Well.. that truly is the big picture. Because it ignores a lot of the finer details.
Let me start by saying I really don't care what I eat. Someone who habitually consumes as much snack food as I do does not have the luxury of a high horse when it comes to this stuff, and generally if it looks like food I'll eat it.
That being said you massively oversimplified GMO and the inherent dangers. Yes, selecting traits and genetic variants has long been a practice amongst the farmers of the worlds, and there's nothing inherently wrong with it. All right, it kind of sucks for the cows who literally cannot survive without constant human supervision, but it all tastes the same on the dinner plate.

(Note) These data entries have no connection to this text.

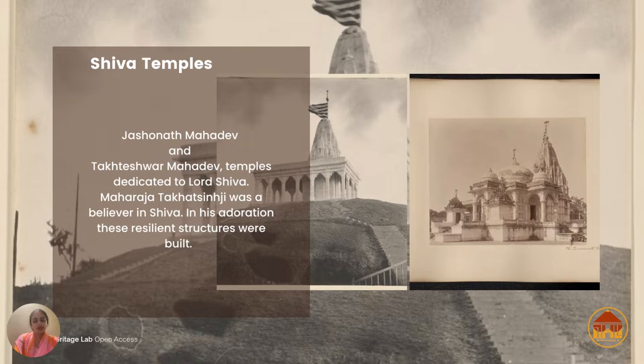Jashunath was named after Maharaja Jaswant Singh Ji, who was a ruler of Bhavnagar prior to Takat Singh Ji. On the other side we have Takteshwar Temple, which is so interesting because it's perched on a hillock. If you're standing there, you get the best breeze even in summer months and a lovely view of the entire city.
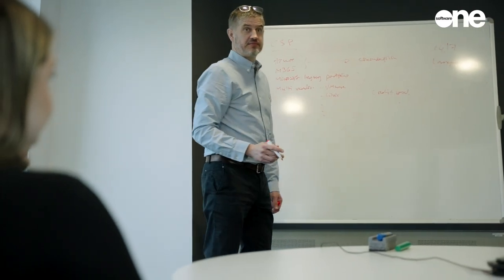At SoftwareOne, we take security extremely seriously. As part of the CSP program, when we access your cloud environment to provide you with support, we do so using least privileged access on a time-limited basis.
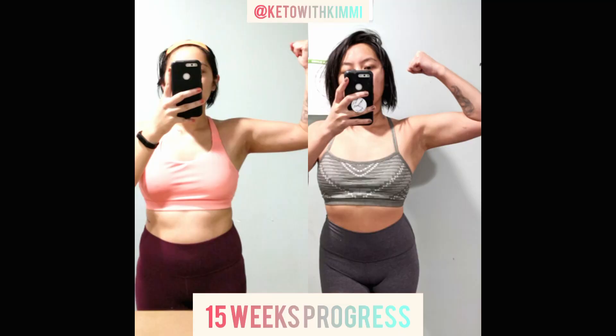I weigh myself about once a month. I don't like to weigh myself more than that because honestly, it doesn't matter. One of the biggest takeaways from using the Tone and Sculpt app for the past 15 weeks is that my weight truly does not matter. I have lost inches, I have lost bloating, I have gained so much more muscle and definition than I thought I could in this amount of time. I have also emotionally and mentally gotten stronger and learned how to make my mind work for me.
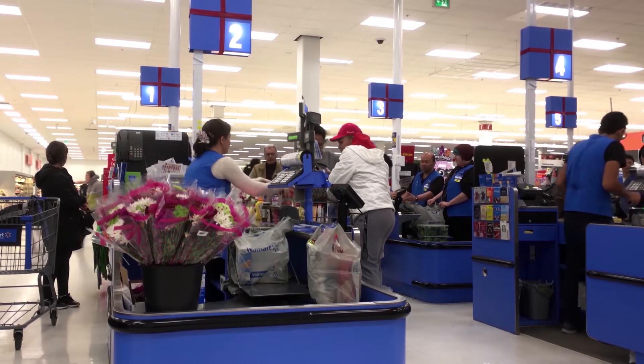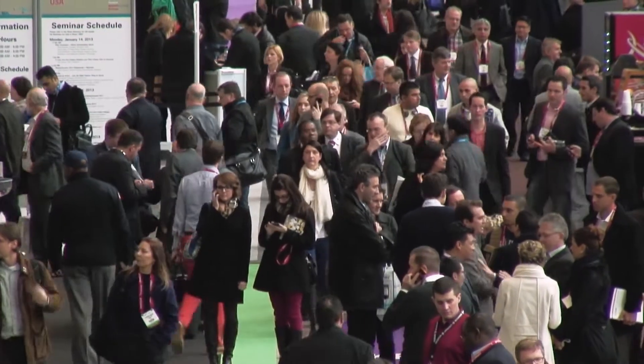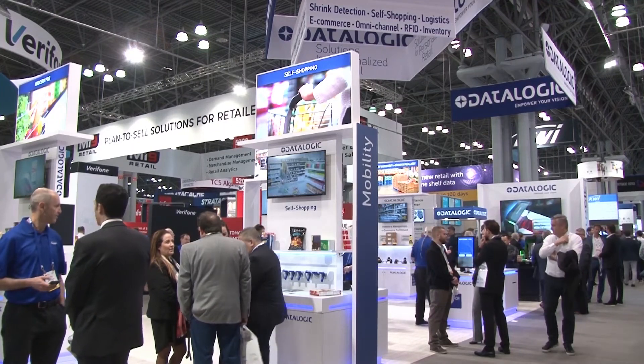Retailers know that every dollar counts, so they are always looking for technology to help prevent shrink. Self-checkout is growing throughout retail, and shrink at self-checkout is a real concern for many grocers. Datalogic Vision Technology can help grocers fight shrink at self-checkout.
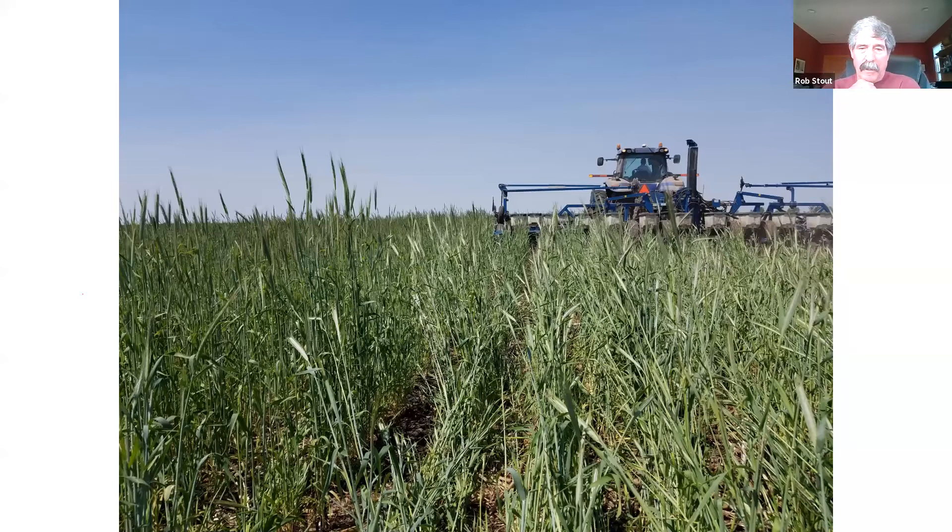I do the same thing with beans — I usually time the spraying right after or right before planting. You can see I don't really have any trouble getting good seed-to-soil contact even in five-foot-plus rye. Yes, I do have auto steer on this tractor. When I did it before I had auto steer, it was a little hard to see where I was going.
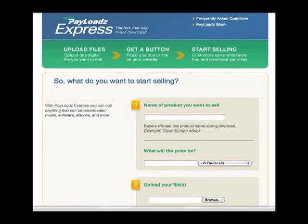Hi, today we're going to look at Payloads Express. Payloads Express is the quickest and easiest way to sell a digital good online and have that good delivered automatically by the Payloads.com system. Anybody can use this system to sell a file that they own. That file might be a PDF document, say an eBook, or an MP3 file like a song or a podcast, or even a video or a video game.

The problem with GMO isn't the selection of specific traits. It's that, largely, it's a very new science with very little understanding. Just because we can map a genome or two doesn't mean that we know the entire cause-and-effect of genetic modification. We're still learning a great deal about what each gene affects, and even in the simplest of genomes this can be a long and complicated process. Cows are not simple. Certain plants are, but that's a different aside. The problem is that since we don't exactly have the firmest grasp on the subject matter yet, we're hardly equipped to regulate this practice for consumption. Yet we claim that it's all very well-controlled, which it isn't really. We don't know exactly all the ramifications, we simply know the most superficial results: more tasty food that doesn't immediately kill people when they eat it. This, too, is not a new problem in food regulation, but GMO is a very rapidly evolving practice and as such is hard to keep up with. So, naturally, people are reluctant to consume the most basically engineered foods.
Then there's the knowledge that there quite literally is food that is becoming hybridized with other foods that it couldn't otherwise naturally fuse with. Like pork with fish genes introduced to produce omega III fatty acids. Or the numerous fruit fusions such as pluots(plum apricots) and lematos(lemon tomatoes). These all sound pretty awesome in theory, we admittedly know very little about the results other than instant death, disease, or sterilization are none of the side effects. People are afraid of another asbestos: a seeming miracle product that will save the world right up until we find out about the cancer. And a little caution never hurt anyone, least of all science. If people like us are fine with eating from the genetically modified tree of knowledge, that's all well and good. But to simply quack "paranoia" at everyone who shows a little trepidation towards eating pork carrots(OK, an exaggeration, but still one with a point) doesn't exactly demonstrate a grasp of what the greater problem is here.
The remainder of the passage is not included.